7. Call centers to outsource your reservation and service calls as well as offering quality reporting to keep track of conversions and call abandonment, freeing up managers’ time in trying to source and supervise your own agents while also redirecting calls away from the front desk so those associates can focus on in-house guests.
8. In-room tablets and mobile apps that act as a single point of control for service requests, hotel information, virtual concierge, and additional purchases.
You can’t implement all of these at the same time. And yet you really need them all to have breathing room to look ahead to what new trends will emerge in the next five years or so. Hence, it’s a matter of evaluating what you can do now, what you can do in a month’s time and what will, reluctantly, have to wait until 2023.
AUTOMATION AND FORECASTING
Circling back to the problem of emails, there are many other lo-fi tactics that can help. To chip away at the mountain of emails, reduce CCs and unnecessary notifications where you aren’t a direct report. Next, make stand-up meetings routine, agenda-driven, and as short as possible so you minimize the back and forth over one-off meeting setup, using scheduling or time-management software for all else. Then, to truly enable knowledge work, allow for half-day and full-day chunks where managers aren’t expected to be checking their inboxes, devoting this time for projects that require flow.
The inescapable truth is that hotel operations need to be lean to maintain margins and steer clear of labor issues. This new reality demands automation tools to reduce the interruptive workflows that are tearing apart your managers’ days and preventing any semblance of flow from being attained.
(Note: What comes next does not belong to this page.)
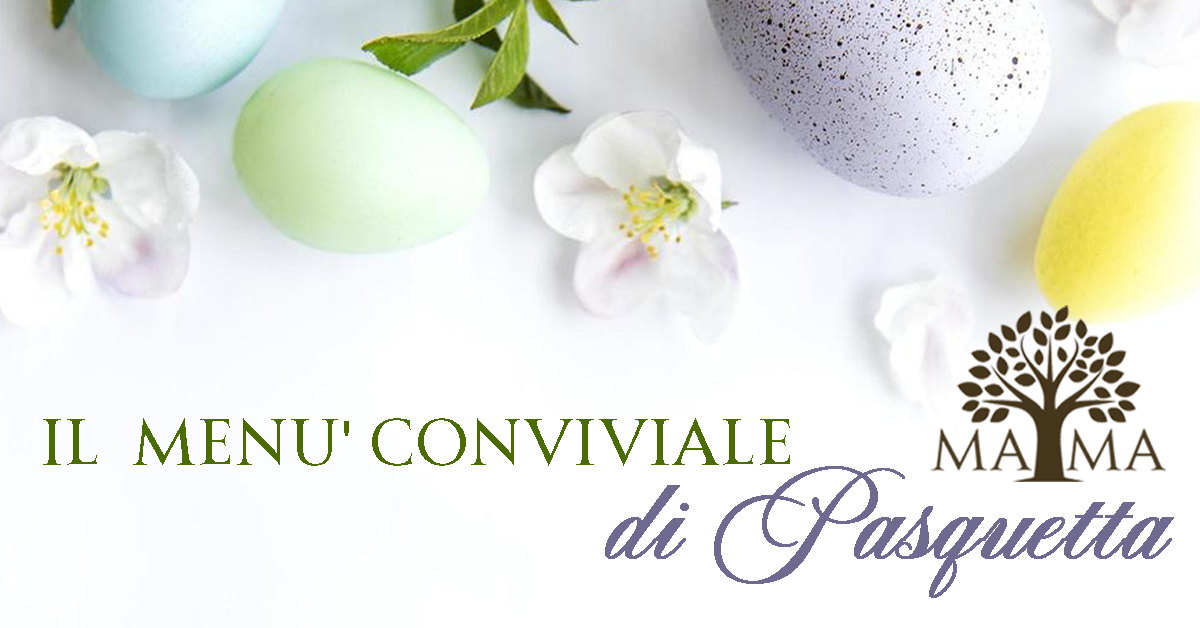 MENU CONVIVIALE DI PASQUETTA 2024 - SOLD OUT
Without those dedicated two-hour blocks, there’s no time to properly peruse the multitude of data to deduce actionable inferences for further cost efficiencies or revenue opportunities. Moreover, if your IT team must contend with the daily inbox clearing grind, they won’t have time to tackle the setup of new software interfaces so that data can seamlessly flow into your enterprise business intelligence platform for further data comprehension.
FIRING A GUEST
To close out on a more jocular – albeit controversial – note, suppose you have solved many of the challenges introduced by the convergence of our current labor crisis and interruptive workflows. Next comes evaluating which guests are causing the majority of the problems and, when the emotional strain on your team is properly considered, actually have a negative ROI. That is, with the right data connections, can you forecast when a guest isn’t worth the trouble?
In an 80/20 kind of way, there likely are only a handful of past and present guests who fit this bill – the ones who make repeated, small requests and still leave a tepid TripAdvisor review. But you won’t know how to tackle this problem without a solid business intelligence platform that can compute revenues versus total labor per guest.
Until that time, workflow automation is the goal for the near future to ramp up your team’s attention capital. Especially with the inestimable benefit of reducing stress to increase team retention, it’s not just about doing a direct cost analysis for what you will save on paper by deploying a new piece of technology; it’s about the mental energy saved that can be redirected toward more complex and compelling projects – such as forecasting – that have long-term, positive outcomes.